If the scripts wrun, wlog, wqueue, winfo, and wk are installed in a directory not included in your system's PATH (e.g., ~/.local/bin), you may need to update your PATH environment variable:

  1. Add the following line to your shell configuration file (~/.bashrc or ~/.zshrc):

    export PATH="$PATH:$HOME/.local/bin"
    
  2. Reload your shell:

    source ~/.bashrc  # or source ~/.zshrc
    

Usage

1. Submit a Job (wrun)

Basic Usage:

Submit a script with auto-detected resources:

wr ./train_script.py --epochs 10

wr now shows a colorized summary of the resources that will be requested, including values auto-detected from sinfo and those loaded from saved defaults.

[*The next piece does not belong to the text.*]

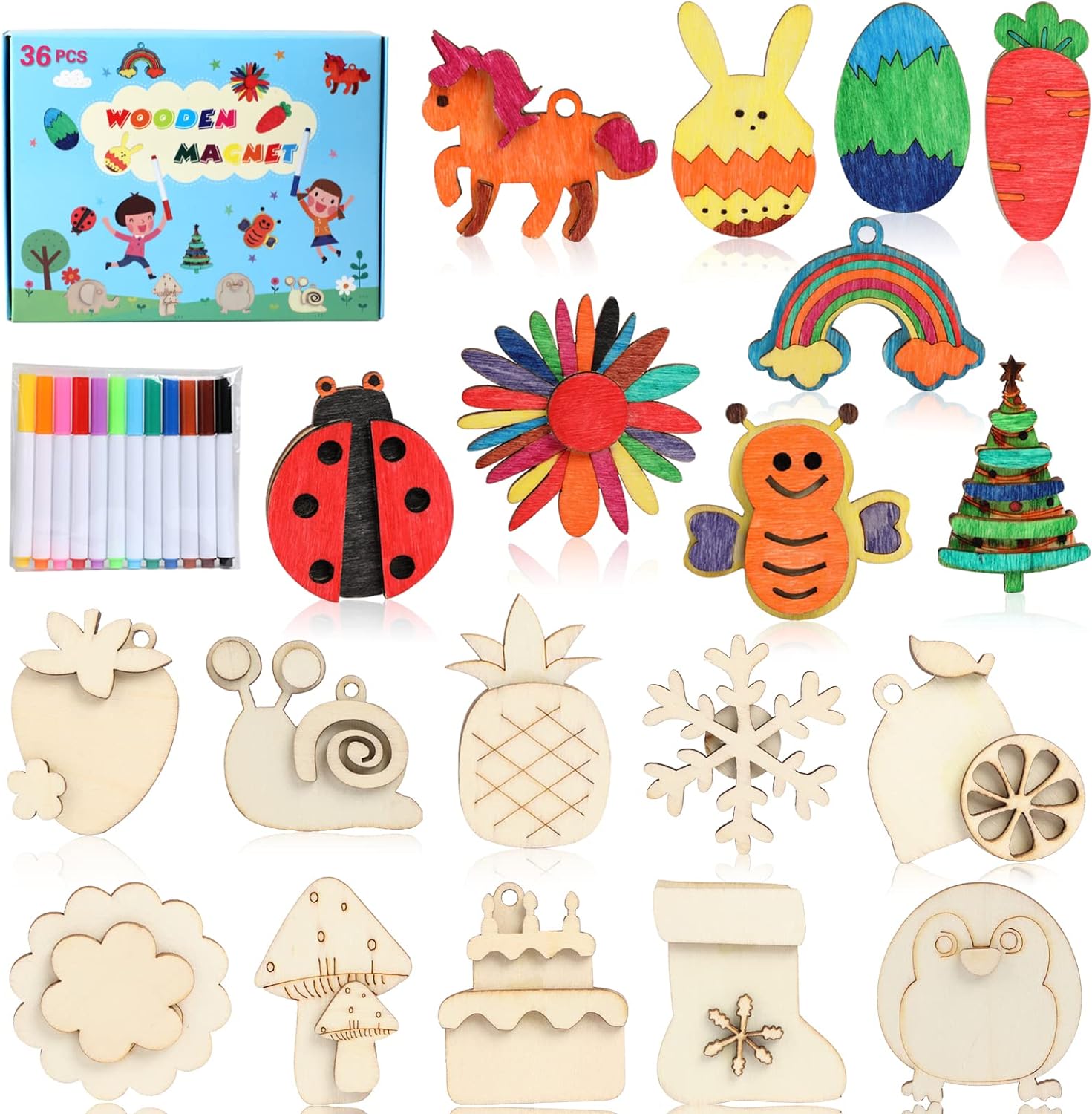 DIY Wooden Magnets, 36 pcs Wooden Art Craft Supplies Painting Kit for Kids Party Favors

wr now shows a colorized summary of the resources that will be requested, including values auto-detected from sinfo and those loaded from saved defaults.

Specify Resources:

Submit a job with explicit resources:

wr --nodes 2 --partition gp4d --account ENT212162 --cpus-per-task 8 --memory 200G --gpus 4 ./train_script.py

You can also name the job, change where helper scripts are stored, or choose a custom log directory:

wr --job-name my-training --script-dir ./sbatch --report-dir ./logs python train.py

Interactive Mode:

Start an interactive session:

wr

Use wr --interactive --nodes 2 to override the automatic detection while still launching an interactive shell.

Save Your Defaults:

You can persist frequently used settings (e.g., partition, account, log directory) so future runs pick them up automatically:

wr --save-defaults --partition gp4d --account ENT212162 --report-dir ./slurm-report

Defaults are stored in ~/.config/wrapslurm/defaults.json. Running wr --save-defaults stores the provided flags and exits without submitting a job.

Full Help:

View all available options:

wr --help

Preview the Generated Script:

wr --dry-run python train.py

Dry runs print the exact sbatch script so you can review the environment setup before submitting.


2. Monitor Logs (wlog)

wlog streams SLURM output with tail -n 20 -f so you can follow job progress without the extra load from watch.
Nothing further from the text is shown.